L’incident massif survenu chez Cloudflare ce mardi a mis en lumière une vulnérabilité majeure : une dépendance encore très forte de nombreux protocoles décentralisés vis-à-vis d'infrastructures centralisées de type Web2. Ce paradoxe soulève une question cruciale : que vaut un protocole décentralisé si son accès repose sur une poignée de prestataires centralisés ? À travers les voix d’acteurs comme EthStorage, Filecoin ou encore Vitalik Buterin, l’écosystème crypto lance un cri d’alarme : la résilience passe par une décentralisation complète, du code à l’interface. Voici les faits et les implications d’un débat brûlant relancé par une panne qui a affecté 20 % du trafic Internet mondial.

Cloudflare, AWS : quand les piliers du Web2 font vaciller le Web3

Le 19 novembre, une importante panne chez Cloudflare a entraîné des interruptions de service pour plusieurs acteurs majeurs de l’écosystème crypto, dont Blockchain.com, Coinbase, BitMEX, Ledger, Toncoin, Arbiscan ou encore DefiLlama. L’impact a été massif : environ 20 % du trafic Internet mondial a été perturbé selon les données du réseau. Un mois plus tôt, un incident similaire chez Amazon Web Services (AWS) avait affecté un nombre comparable de protocoles Web3.
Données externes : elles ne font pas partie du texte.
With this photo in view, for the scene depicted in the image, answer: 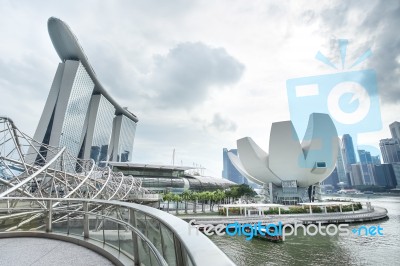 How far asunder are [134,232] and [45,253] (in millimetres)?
2234

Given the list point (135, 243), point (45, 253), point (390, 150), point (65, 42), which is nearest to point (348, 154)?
point (390, 150)

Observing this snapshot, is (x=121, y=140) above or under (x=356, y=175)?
above

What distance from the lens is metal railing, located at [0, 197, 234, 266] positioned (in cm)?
112

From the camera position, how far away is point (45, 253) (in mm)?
3967

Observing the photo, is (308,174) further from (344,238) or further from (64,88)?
(64,88)

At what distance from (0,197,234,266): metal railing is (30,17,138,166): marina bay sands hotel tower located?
60.1m

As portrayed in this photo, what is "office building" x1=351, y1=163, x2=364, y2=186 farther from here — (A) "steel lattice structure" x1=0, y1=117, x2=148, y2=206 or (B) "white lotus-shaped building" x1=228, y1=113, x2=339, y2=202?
(A) "steel lattice structure" x1=0, y1=117, x2=148, y2=206

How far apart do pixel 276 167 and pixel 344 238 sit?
3214 cm

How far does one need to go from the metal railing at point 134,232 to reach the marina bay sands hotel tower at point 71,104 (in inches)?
2367

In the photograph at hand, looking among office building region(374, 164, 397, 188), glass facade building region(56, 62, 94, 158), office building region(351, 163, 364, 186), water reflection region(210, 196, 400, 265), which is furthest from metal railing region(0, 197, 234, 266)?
office building region(351, 163, 364, 186)

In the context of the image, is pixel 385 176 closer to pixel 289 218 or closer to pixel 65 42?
pixel 289 218

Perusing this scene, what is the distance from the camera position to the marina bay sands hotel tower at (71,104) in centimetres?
Result: 5784

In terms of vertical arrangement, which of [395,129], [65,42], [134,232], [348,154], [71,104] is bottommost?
[134,232]

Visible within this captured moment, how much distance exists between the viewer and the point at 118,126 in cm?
10900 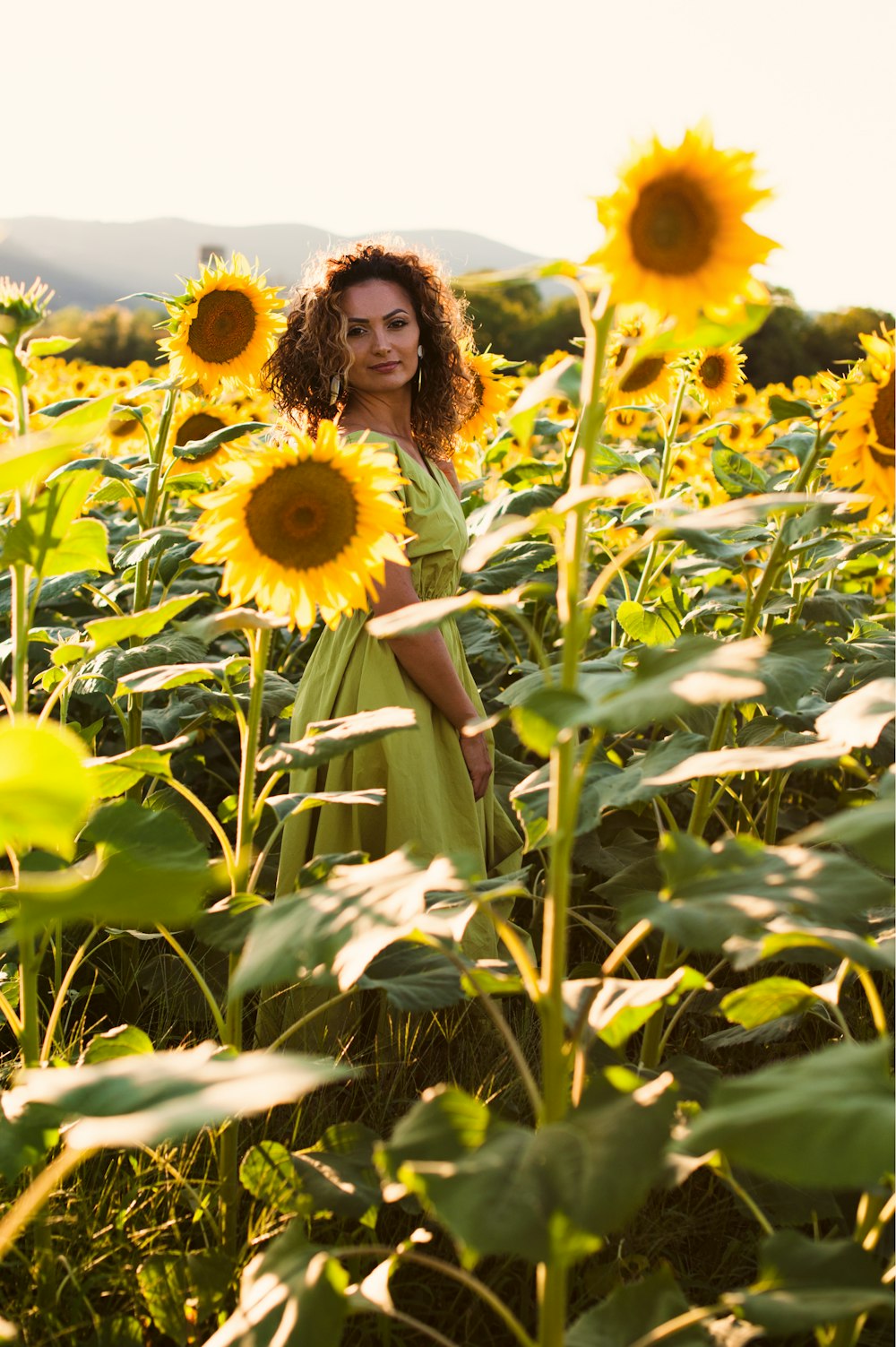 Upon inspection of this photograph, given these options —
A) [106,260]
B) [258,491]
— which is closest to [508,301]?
[258,491]

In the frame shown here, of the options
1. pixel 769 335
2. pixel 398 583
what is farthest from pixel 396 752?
pixel 769 335

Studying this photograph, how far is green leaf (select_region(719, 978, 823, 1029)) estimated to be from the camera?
51.0 inches

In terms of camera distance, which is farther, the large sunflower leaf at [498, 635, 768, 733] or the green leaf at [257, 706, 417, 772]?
the green leaf at [257, 706, 417, 772]

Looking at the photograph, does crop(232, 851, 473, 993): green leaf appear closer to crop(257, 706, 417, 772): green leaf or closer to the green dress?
crop(257, 706, 417, 772): green leaf

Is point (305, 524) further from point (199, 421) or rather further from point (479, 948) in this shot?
point (199, 421)

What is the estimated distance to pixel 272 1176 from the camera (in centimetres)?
157

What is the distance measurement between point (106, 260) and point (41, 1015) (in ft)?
331

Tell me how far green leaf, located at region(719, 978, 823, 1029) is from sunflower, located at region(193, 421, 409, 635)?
0.77 meters

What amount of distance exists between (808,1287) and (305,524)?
3.80 feet

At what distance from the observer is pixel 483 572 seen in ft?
9.36

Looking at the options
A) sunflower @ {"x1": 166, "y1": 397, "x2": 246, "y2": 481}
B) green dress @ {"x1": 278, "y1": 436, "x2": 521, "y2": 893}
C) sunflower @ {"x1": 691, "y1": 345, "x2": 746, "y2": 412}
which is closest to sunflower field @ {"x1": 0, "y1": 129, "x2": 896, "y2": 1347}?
green dress @ {"x1": 278, "y1": 436, "x2": 521, "y2": 893}

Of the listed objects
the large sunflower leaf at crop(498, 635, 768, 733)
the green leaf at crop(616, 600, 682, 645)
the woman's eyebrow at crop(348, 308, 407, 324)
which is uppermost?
the woman's eyebrow at crop(348, 308, 407, 324)

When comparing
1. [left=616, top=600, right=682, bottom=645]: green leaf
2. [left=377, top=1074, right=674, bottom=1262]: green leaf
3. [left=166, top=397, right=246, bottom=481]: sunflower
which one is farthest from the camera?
[left=166, top=397, right=246, bottom=481]: sunflower

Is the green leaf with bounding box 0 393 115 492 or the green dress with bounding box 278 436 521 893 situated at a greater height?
the green leaf with bounding box 0 393 115 492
Ces interruptions rappellent que même les protocoles se revendiquant « décentralisés » dépendent souvent de services d’infrastructure centralisés pour leurs interfaces web, leurs appels d’API ou leurs systèmes de nommage (DNS). « Beaucoup de projets crypto reposent encore sur des composants Web2 par commodité ou par habitude », a expliqué un porte-parole d’EthStorage, soulignant que cette centralisation de façade nuit à la résilience des systèmes en cas de point de défaillance unique.
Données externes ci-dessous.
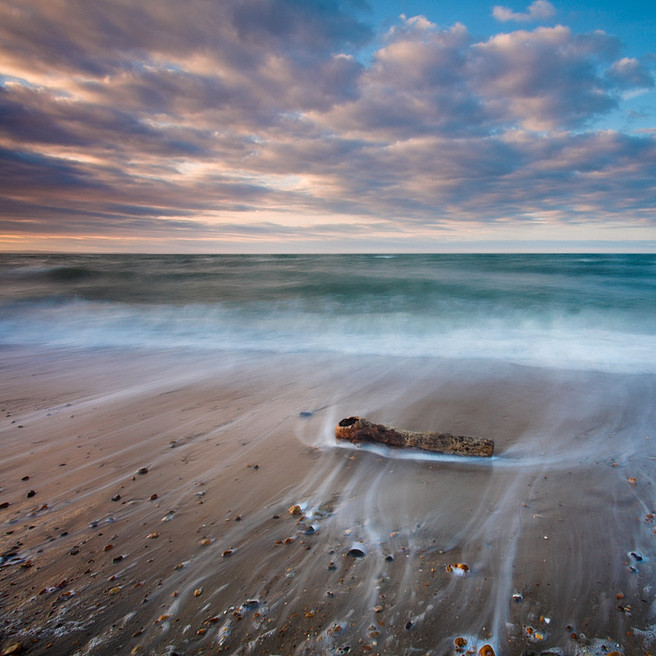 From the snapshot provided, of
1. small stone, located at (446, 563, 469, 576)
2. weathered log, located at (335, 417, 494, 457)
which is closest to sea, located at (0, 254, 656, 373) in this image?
weathered log, located at (335, 417, 494, 457)

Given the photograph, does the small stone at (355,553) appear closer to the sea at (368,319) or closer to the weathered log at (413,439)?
the weathered log at (413,439)

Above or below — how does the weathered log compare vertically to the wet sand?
above

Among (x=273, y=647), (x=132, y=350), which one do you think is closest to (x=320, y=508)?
(x=273, y=647)

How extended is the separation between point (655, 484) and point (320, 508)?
2.93 meters

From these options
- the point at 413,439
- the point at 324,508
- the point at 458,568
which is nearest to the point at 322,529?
the point at 324,508

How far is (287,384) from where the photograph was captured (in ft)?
19.6

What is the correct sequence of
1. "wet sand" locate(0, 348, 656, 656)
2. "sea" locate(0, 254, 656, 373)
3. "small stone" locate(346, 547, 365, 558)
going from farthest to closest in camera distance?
"sea" locate(0, 254, 656, 373), "small stone" locate(346, 547, 365, 558), "wet sand" locate(0, 348, 656, 656)

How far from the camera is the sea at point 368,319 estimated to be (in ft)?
27.1

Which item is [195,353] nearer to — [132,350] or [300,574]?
[132,350]

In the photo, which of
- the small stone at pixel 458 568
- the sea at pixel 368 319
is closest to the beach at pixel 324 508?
the small stone at pixel 458 568

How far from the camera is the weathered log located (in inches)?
141

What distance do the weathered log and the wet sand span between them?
0.34ft

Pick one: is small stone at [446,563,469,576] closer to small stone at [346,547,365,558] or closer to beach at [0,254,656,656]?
beach at [0,254,656,656]

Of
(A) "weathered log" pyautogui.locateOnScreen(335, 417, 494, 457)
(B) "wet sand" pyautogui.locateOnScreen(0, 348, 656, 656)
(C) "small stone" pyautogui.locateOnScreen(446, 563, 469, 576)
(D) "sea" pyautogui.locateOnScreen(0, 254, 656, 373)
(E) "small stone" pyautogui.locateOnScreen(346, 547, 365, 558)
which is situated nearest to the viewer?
(B) "wet sand" pyautogui.locateOnScreen(0, 348, 656, 656) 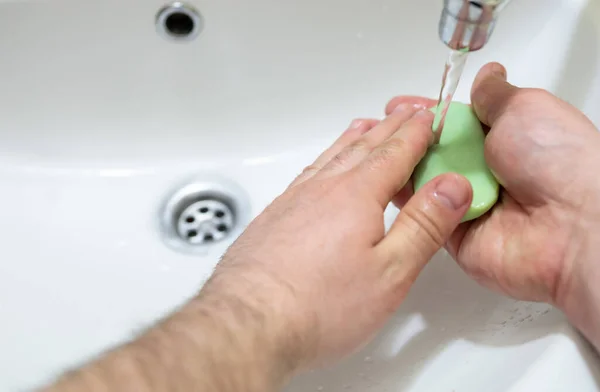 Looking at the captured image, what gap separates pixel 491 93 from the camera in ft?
1.61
Vers une vraie décentralisation grâce à la crypto

Pour EthStorage, Protocol Labs (via IPFS et Filecoin), ou encore Arweave, la solution réside dans ce qu’ils appellent la « décentralisation de bout en bout » : un modèle qui va au-delà de la blockchain elle-même pour inclure le stockage, l’accès aux données, les interfaces web, les API, les RPC et l’indexation. « La vraie résilience impose de repenser toute la pile technique, pas uniquement la couche blockchain », rappelle EthStorage.
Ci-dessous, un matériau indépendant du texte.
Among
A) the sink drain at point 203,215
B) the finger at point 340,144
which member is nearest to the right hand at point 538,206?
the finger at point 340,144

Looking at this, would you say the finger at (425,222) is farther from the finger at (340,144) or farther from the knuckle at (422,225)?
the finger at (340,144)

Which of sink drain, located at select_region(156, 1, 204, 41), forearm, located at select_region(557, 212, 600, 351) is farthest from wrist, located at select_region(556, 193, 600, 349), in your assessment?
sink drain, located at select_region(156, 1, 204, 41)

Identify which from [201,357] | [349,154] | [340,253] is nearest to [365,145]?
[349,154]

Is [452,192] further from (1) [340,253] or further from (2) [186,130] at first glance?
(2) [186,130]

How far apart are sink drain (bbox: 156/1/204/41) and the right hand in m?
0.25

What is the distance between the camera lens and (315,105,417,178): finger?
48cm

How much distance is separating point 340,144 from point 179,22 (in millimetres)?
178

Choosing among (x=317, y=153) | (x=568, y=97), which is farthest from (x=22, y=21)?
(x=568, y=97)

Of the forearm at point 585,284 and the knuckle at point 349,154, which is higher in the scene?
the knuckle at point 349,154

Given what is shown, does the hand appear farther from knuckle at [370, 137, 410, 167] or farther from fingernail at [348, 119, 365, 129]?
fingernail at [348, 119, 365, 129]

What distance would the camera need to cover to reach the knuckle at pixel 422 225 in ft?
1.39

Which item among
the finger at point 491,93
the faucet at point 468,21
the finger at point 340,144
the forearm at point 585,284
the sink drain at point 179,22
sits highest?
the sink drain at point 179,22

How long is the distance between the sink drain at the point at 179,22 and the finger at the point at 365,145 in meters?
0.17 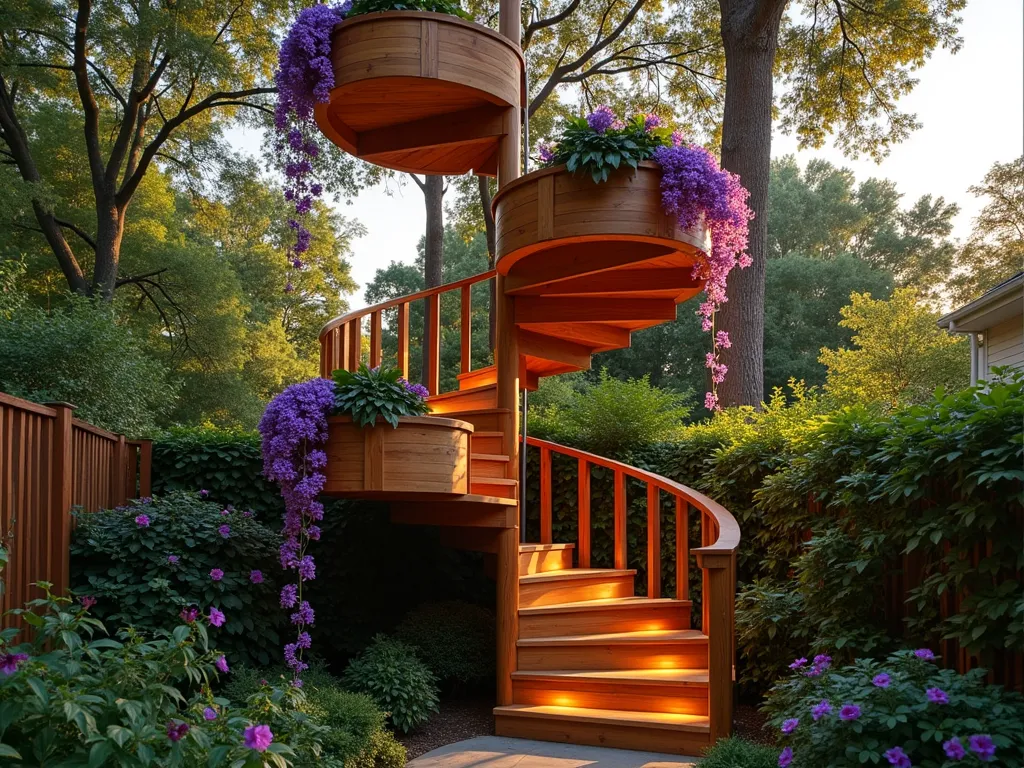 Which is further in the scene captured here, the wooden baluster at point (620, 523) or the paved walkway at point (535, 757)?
the wooden baluster at point (620, 523)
Les raisons de cette dépendance sont multiples : manque de maturité des outils décentralisés, coût perçu, difficulté d’implémentation. « Ces idées reçues sont dépassées », affirme EthStorage. La pression des utilisateurs étant faible sur les couches techniques invisibles, de nombreux projets relèguent la décentralisation à plus tard. Résultat : celle-ci devient « une étape facultative plutôt qu’une exigence fondamentale de conception », avertit l’équipe.

En réponse, les promoteurs de la décentralisation complète encouragent une approche progressive, mais déterminée. « Ce processus n’a pas besoin d’être immédiat, mais les projets doivent intégrer cette vision dans leur feuille de route », affirme EthStorage. Même Vitalik Buterin est monté au créneau dans un manifeste intitulé Trustless Manifesto : « Chaque fois qu’un protocole intègre un nœud hébergé ou un relais centralisé, il compromet sa nature trustless dès le départ ». La leçon est claire : sans décentralisation totale, le Web3 reste à la merci du Web2.